### Activity
Output all the records word for word. Drop the pictures.
++++++++++++++++++++
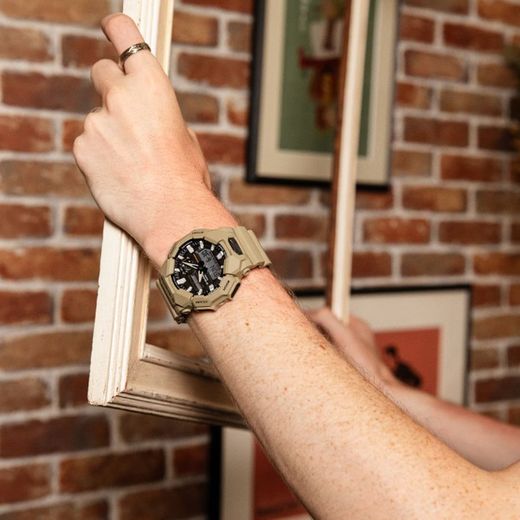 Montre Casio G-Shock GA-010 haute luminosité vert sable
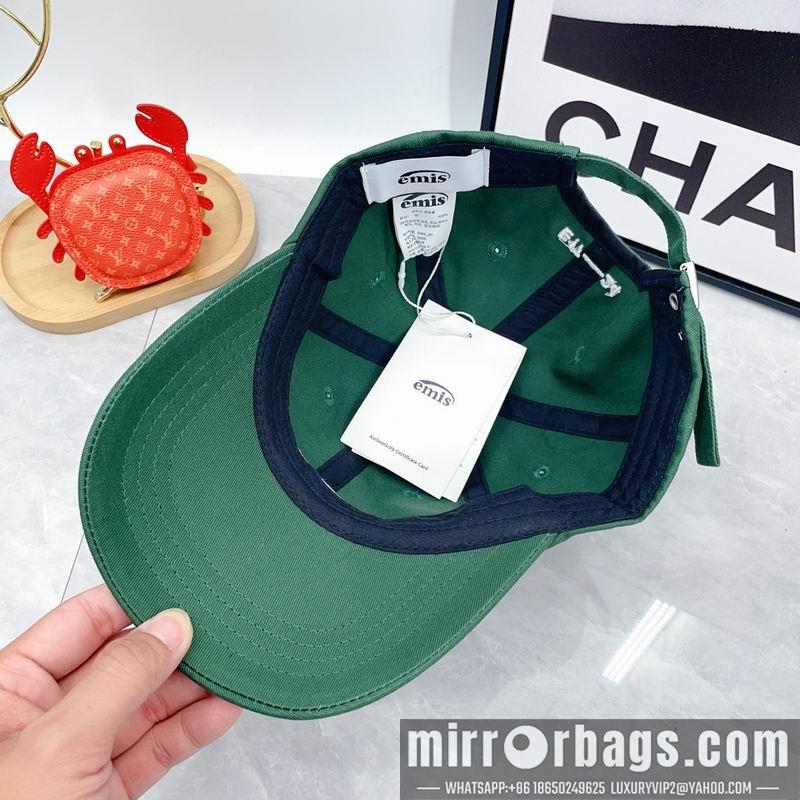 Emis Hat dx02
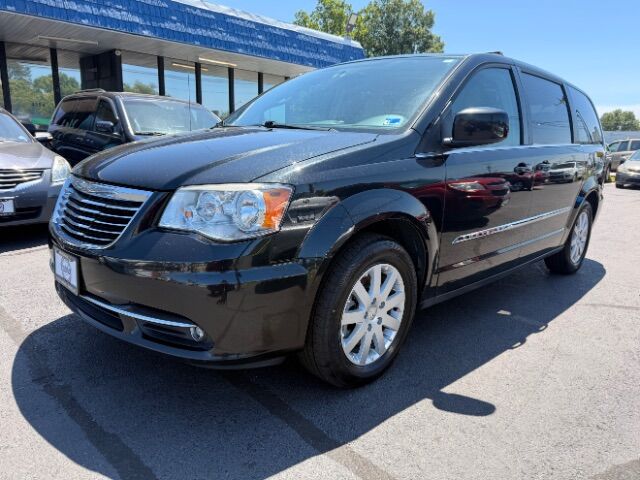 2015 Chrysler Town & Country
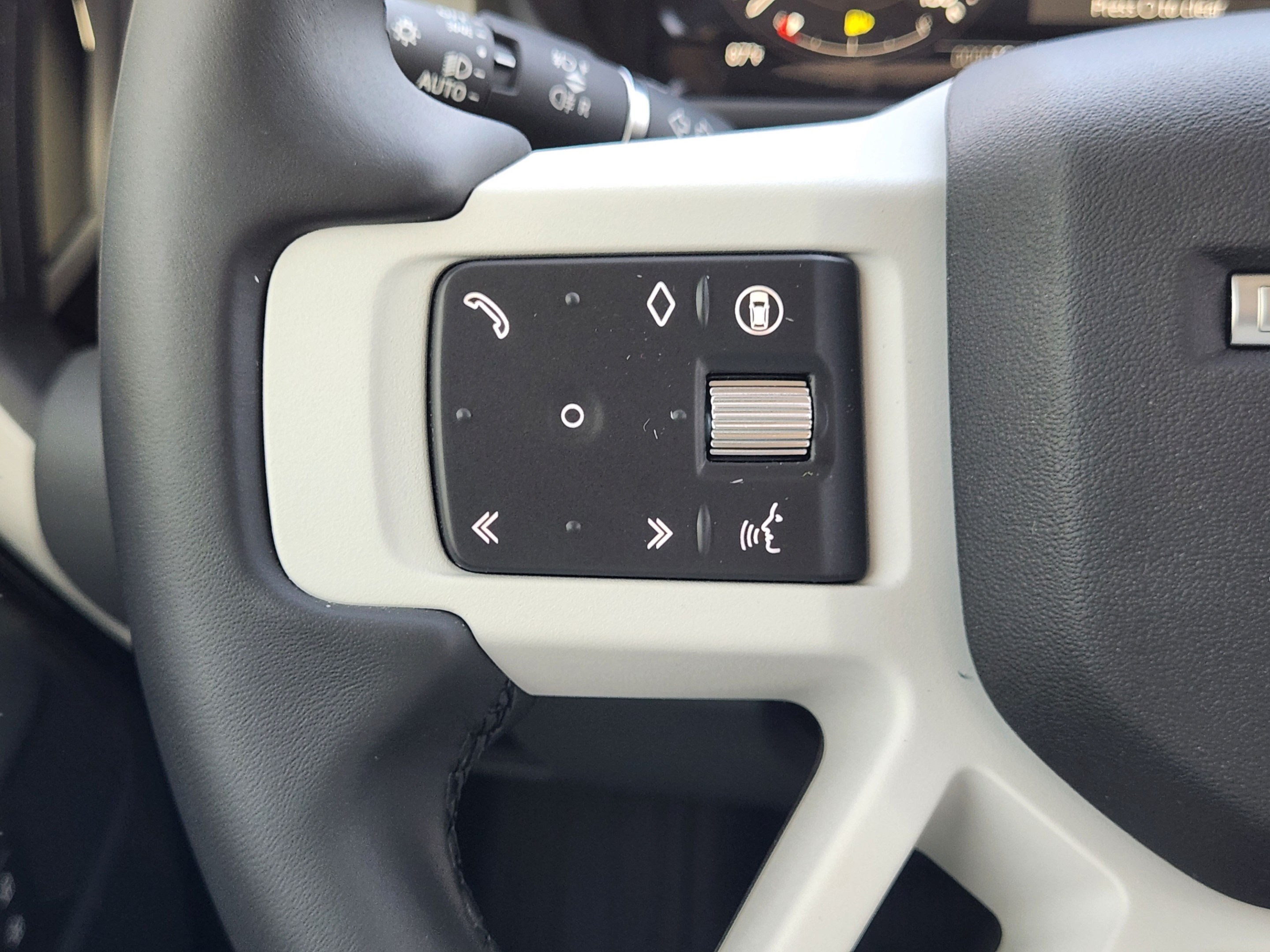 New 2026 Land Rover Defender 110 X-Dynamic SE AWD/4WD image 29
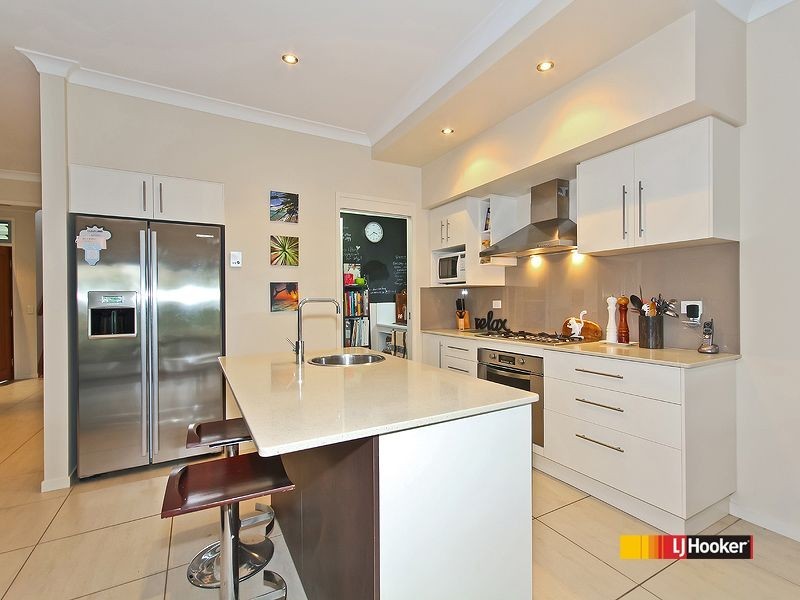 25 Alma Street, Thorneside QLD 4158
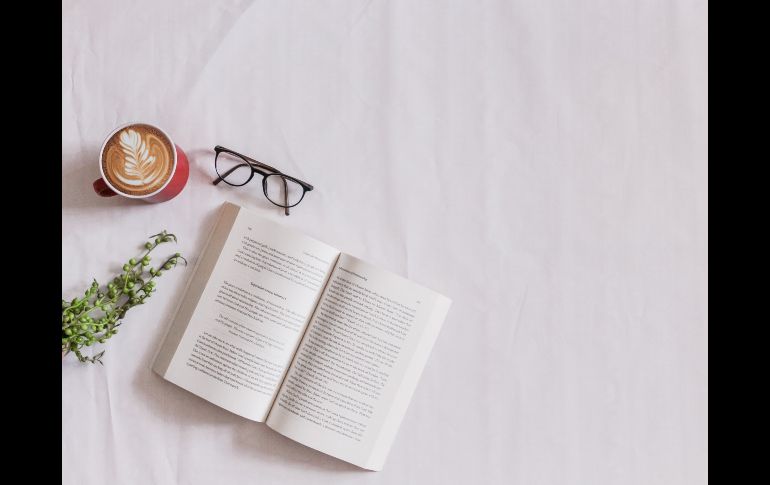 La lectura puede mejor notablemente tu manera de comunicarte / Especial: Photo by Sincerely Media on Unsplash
++++++++++++++++++++
### Solution to this problem
 Montre Casio G-Shock GA-010 haute luminosité vert sable
 Emis Hat dx02
 2015 Chrysler Town & Country
 New 2026 Land Rover Defender 110 X-Dynamic SE AWD/4WD image 29
 25 Alma Street, Thorneside QLD 4158
 La lectura puede mejor notablemente tu manera de comunicarte / Especial: Photo by Sincerely Media on Unsplash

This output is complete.